Вечера на хуторе близ Диканьки. Повести, изданные пасичником Рудым Панько (1829–1831, опубл. – 1831–1832)
Сорочинская ярмарка (1830)
Грицько Голопупенко (парубок) – герой-любовник; всегда в белой свитке, в шапке «решетиловских смушек» (т. е. из вывороченного бараньего меха), с «яркими очами». Жарким августовским днем встречает юную красавицу Параску, которая с мачехой, «столетней ведьмой» Хавроньей Никифоровной, и безвольным отцом Солопием Черевиком впервые в жизни едет на ярмарку. Посватавшись за нее, парубок поочередно получает согласие от Солопия и отказ от Хиври, чье «свиное» имя вполне соответствует ее «свинской» натуре. (Оба эти имени традиционные, Гоголь их позаимствовал из басни П.П. Гулака-Артемовского «Солопий и Хивря, или Горох при дороге», 1819. Однако сюжет повести с этой басней не связан.)
На помощь веселому парубку приходит язвительно-злобный цыган, традиционный персонаж народного театра, вертепа. Есть легенда о «красной свитке», которую в старину заложил в шинке черт, изгнанный из пекла. Жид, не дождавшись долга, перепродал свитку пану, пана обокрал цыган. Но всякий, кому она доставалась, терпел торговую неудачу на ярмарке. В конце концов свитку изрубили в куски, и теперь черт рыскает пo свету в поисках недостающего левого рукава. Парубки, наученные цыганом, до полусмерти запугивают Черевика и Хиврю «инсценировкой» комедии о красной свитке. Жиду, укравшему свитку, являлись свиные рыла во время молитвы, а к Черевику и Хивре в окно всовывается «свиная рожа», лишний раз напоминая об имени и характере мачехи. Наутро разыгранные родители Параски находят красный обшлаг свитки вместо рушника; к перерезанной уздечке (вместо украденной кобылы) тоже привязан кусок красной свитки. Пообещав Солопию избавить его от наваждения, Грицько получает Параску в жены. Хавронья не успевает пробиться сквозь пляшущую толпу, чтобы помешать затее; цыган за «двадцатку» получает волов Голопупенко; все довольны.
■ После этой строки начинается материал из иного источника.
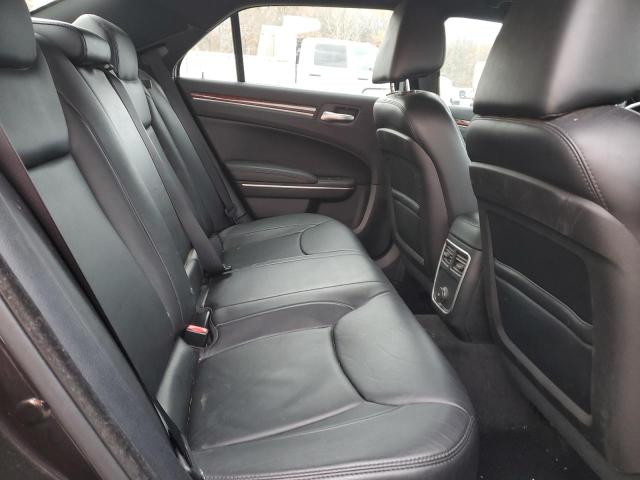 Продаж на аукціоні авто 2013 Chrysler 300, vin: 2C3CCAAG1DH713615, номер лоту: 92070355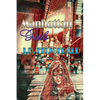 Manhattan Girls - Paperback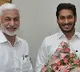 Jagan working to get Rs 36K crore investment, 75K jobs: YSRCP
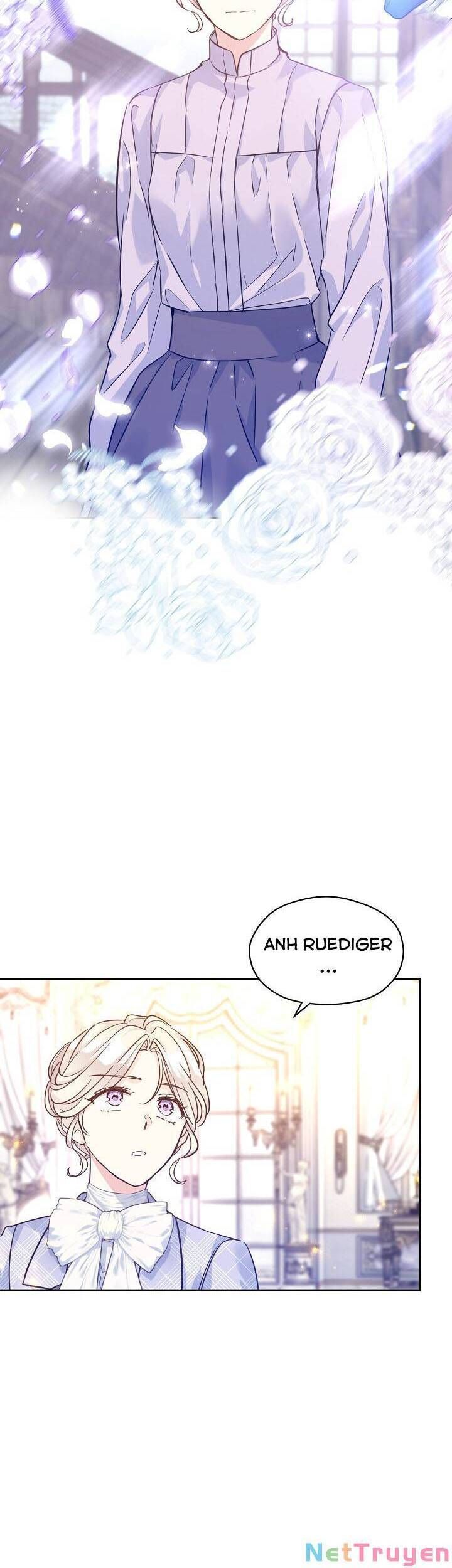 đọc truyện  Tôi Sẽ Cố Gắng Thay Đổi Cốt Truyện Chương 71 ảnh 10 tại Thiên Thai Truyện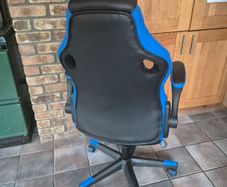 Gaming/Desk chair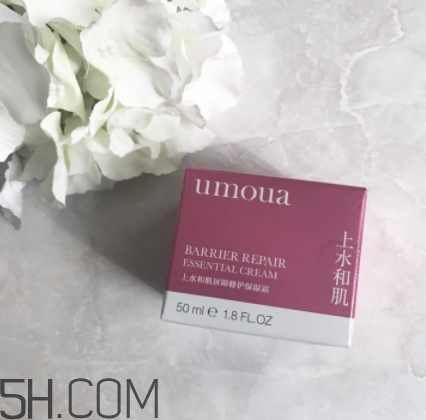 面霜好还是爽肤水好,水和面霜哪个效果更好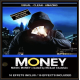 Magic Money, de M. Chatelain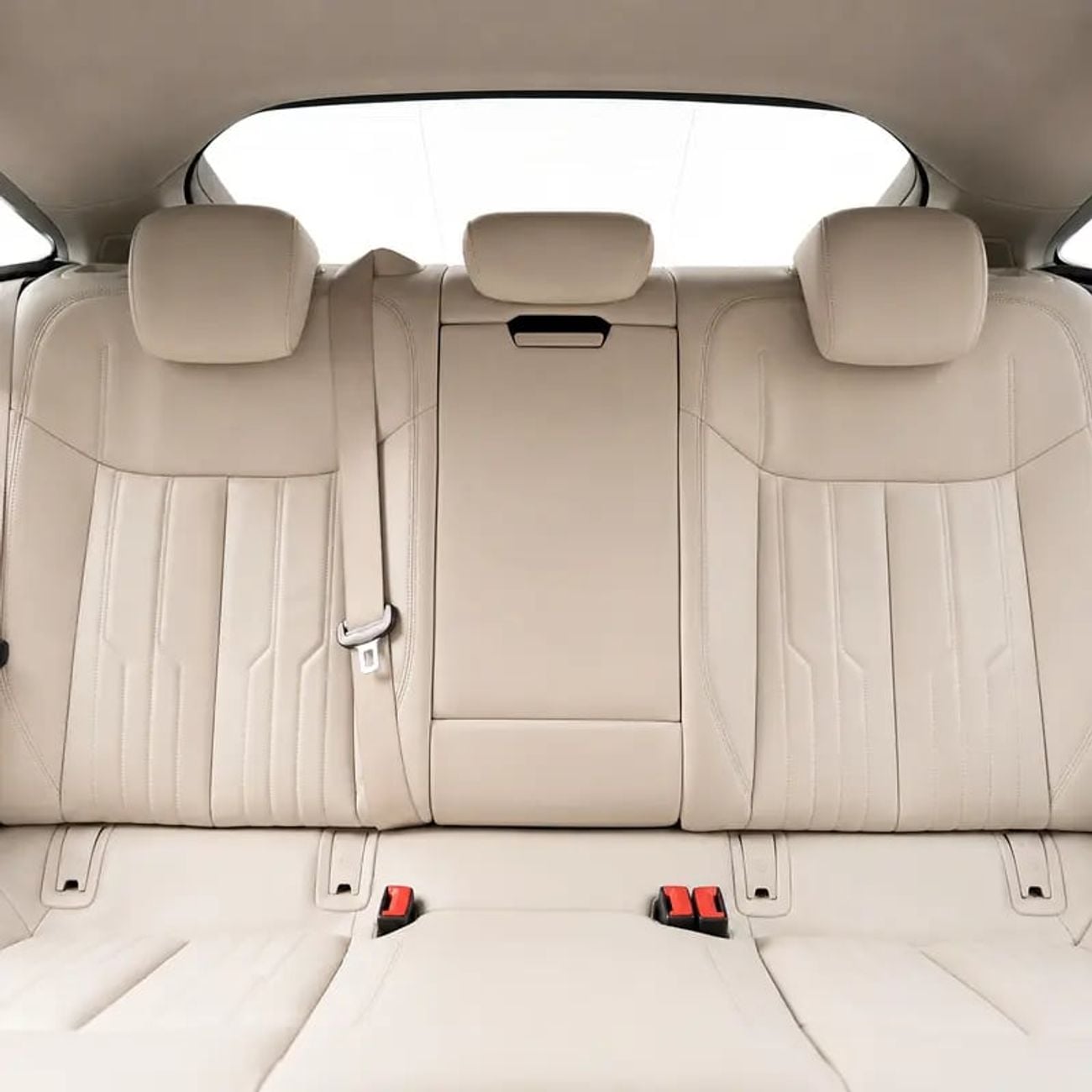 Audi A7 2,107 P.M • 0% Downpayment • 45 TFSI S-Line • 1 Year Warranty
Образ парубка весьма условен, личности у него, можно сказать, нет; рассказ о его белой свитке, контрастно оттеняющей красную свитку черта, куда важнее автору, чем рассказ о характере героя. Такие безличные персонажи будут постоянно встречаться в цикле «Вечеров». Их задача – быть связными звеньями сюжета.
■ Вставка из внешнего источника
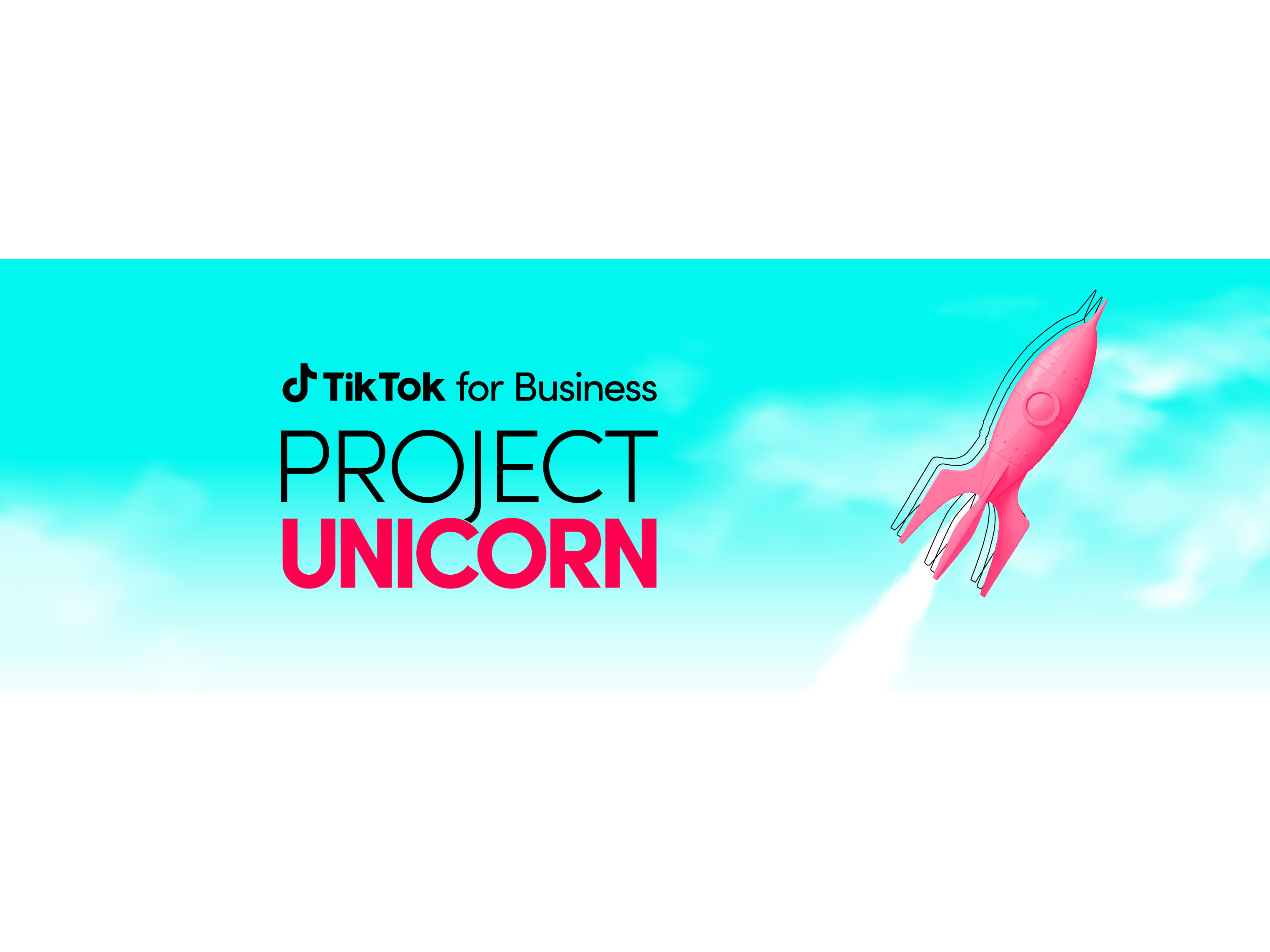 TikTok’s Project Unicorn provides opportunities for MENA startups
Вечер накануне Ивана Купала (1829)
Басаврюк – демонический персонаж в человеческом обличье; ложный помощник, соблазняющий главного героя Петруся и способствующий погублению его души.
Басаврюк появляется на бедном хуторе неизвестно откуда, исчезает неизвестно куда. Он подпаивает казаков, разгульничает в шинке, в деревенскую церковь «св. Пантелея» никогда не наведывается, даже на Пасху, священник, отец Афанасий, после «душеспасительной беседы» с Басаврюком еле уносит ноги и всякого, кто будет знаться с Б., заранее объявляет католиком и врагом всего рода человеческого. Рассказчик (дьякон Фома Григорьевич – со слов деда, которому историю поведала, видимо, его родная тетка) именует Басаврюка «дьяволом в человеческом образе», «бесовским человеком». На ту же мысль наводит и само его прозвище, звуковая форма которого указывает и на «бесовство», и на «животный», кабаний облик: «Волосы – щетина, очи – как у вола!»